Internal Debate: Senseless Ads
- IT TOPICS:Personal Technology
It's happening. The web is being ripped apart by goodness-knows-what galactic forces and piled onto an errant garbage dump floating off Io's southern pole. Don't believe me? Check out Computerworld's recent news article, and weep.
Replacing pay-per-click ads with cost-per-action ads may not seem like a big deal at first, but hang on a bit. Take a look at all the ads on this page: the banner up top; the tower down the left side; the box to the right; the sponsored links that engorge the page's footer; and the Flash ads that spring to life in the middle of the screen every so often. Don't have a pop-up blocker? I pity thee.
Like every other news corporation out there, Computerworld makes its revenue from ads. Be it the full-page spreads in the magazine's print edition or the myriad animated images online, your interest in those ads helps to net us the dough we need to get you the latest news and feature stories that bring you back to us. But there's a serious problem that's likely to arise with the onset of CPA advertisements: each ad may net less cash.
Let's say you saw an ad on this page you found intriguing. You click over to the site for a moment, get a quick idea of what it's all about, and say to yourself, “Good to know. I'll file that away.” You click back to CW. We get paid, you know of the company's service and may (or may not) use it in the future. Correct me if I'm wrong, but that's how advertisements are supposed to work: they get the message out. Whether or not you take advantage is irrelevant; the point is that you noticed it in the first place.
Under Google's new version of AdSense, however, you'd have to go one step further -- make a phone call, fill out a form, complete an online sale, etc. -- in order for us to get paid. I don't know about you, but I'm not very likely to fill out some random site survey to get more info -- at least, not right away. I'm busy reading the page where I first saw the ad. You don't see people stopping on the sides of highways next to billboards so that they can make phone calls right there, do you? Of course not. That's just silly.
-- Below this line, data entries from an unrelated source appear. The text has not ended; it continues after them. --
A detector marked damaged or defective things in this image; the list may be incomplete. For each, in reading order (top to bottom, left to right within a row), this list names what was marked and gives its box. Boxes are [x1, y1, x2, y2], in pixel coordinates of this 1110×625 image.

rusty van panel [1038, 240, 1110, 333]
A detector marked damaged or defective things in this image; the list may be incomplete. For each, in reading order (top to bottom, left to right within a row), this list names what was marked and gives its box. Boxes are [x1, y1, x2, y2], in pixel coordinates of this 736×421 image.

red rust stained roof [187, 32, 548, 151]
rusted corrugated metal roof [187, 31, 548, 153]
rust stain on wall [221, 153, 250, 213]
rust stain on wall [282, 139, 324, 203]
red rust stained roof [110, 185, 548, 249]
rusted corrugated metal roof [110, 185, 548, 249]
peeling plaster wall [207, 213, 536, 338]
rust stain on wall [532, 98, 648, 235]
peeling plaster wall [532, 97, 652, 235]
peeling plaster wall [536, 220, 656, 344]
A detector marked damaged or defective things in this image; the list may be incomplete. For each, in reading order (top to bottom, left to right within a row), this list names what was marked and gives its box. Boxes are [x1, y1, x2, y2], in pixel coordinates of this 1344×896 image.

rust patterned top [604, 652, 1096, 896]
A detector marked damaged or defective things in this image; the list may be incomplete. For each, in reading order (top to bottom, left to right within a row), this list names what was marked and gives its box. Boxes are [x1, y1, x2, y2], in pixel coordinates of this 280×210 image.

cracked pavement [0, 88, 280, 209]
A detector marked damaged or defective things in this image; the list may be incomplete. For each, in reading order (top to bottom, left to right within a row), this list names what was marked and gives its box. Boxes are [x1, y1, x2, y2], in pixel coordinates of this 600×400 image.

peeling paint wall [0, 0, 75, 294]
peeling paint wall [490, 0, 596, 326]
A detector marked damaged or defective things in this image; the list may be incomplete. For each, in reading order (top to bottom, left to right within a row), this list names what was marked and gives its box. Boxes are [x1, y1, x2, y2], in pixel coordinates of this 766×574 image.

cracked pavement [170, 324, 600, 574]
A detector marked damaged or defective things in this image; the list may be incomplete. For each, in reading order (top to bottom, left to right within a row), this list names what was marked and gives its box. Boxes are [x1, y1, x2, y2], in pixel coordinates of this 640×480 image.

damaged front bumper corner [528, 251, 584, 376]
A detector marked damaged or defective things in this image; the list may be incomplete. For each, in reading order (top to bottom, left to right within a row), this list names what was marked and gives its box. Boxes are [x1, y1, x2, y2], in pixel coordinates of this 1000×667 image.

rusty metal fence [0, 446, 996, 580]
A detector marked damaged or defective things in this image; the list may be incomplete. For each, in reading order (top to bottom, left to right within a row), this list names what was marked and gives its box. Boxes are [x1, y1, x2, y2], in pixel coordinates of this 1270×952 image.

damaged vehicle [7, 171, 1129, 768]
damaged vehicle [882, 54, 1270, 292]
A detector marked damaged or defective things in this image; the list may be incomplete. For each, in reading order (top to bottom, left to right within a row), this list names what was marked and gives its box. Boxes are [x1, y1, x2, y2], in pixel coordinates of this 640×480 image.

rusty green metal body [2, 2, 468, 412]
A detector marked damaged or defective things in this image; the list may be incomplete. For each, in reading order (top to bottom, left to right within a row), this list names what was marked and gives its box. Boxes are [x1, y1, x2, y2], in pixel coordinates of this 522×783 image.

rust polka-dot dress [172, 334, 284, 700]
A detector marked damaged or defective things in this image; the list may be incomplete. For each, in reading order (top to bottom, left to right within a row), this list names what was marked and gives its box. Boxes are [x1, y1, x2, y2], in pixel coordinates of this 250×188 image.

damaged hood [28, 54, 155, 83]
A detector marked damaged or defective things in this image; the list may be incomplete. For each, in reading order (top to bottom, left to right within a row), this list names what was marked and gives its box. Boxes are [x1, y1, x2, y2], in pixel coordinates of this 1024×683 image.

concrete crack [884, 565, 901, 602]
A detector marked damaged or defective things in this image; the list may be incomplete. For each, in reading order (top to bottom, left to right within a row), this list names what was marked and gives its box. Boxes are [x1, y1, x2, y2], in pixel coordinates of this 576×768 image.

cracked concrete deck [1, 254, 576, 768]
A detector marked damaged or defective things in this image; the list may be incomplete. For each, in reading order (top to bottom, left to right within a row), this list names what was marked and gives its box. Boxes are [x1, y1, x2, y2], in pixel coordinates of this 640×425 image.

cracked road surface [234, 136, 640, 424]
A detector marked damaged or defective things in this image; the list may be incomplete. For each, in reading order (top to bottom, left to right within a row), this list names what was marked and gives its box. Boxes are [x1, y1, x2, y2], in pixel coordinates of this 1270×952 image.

So what happens when ads go CPA? Sure, we'll probably get paid more per action than we'd get per click, but there would likely be a net loss, and to compensate we'd have to fill pages out with more ads. That doesn't sound like such a grand plan to me.
Click fraud is an issue, yes, but surely it can be tracked by logging IP numbers and only paying for clicks from unique addresses. I can't help but wonder why ad companies are resorting to methods more likely to annoy potential customers than help them; it seems to me that we need to keep browsing the internet as pleasant an experience as possible. Otherwise we're just floating in some garbage heap off the southern pole of Io.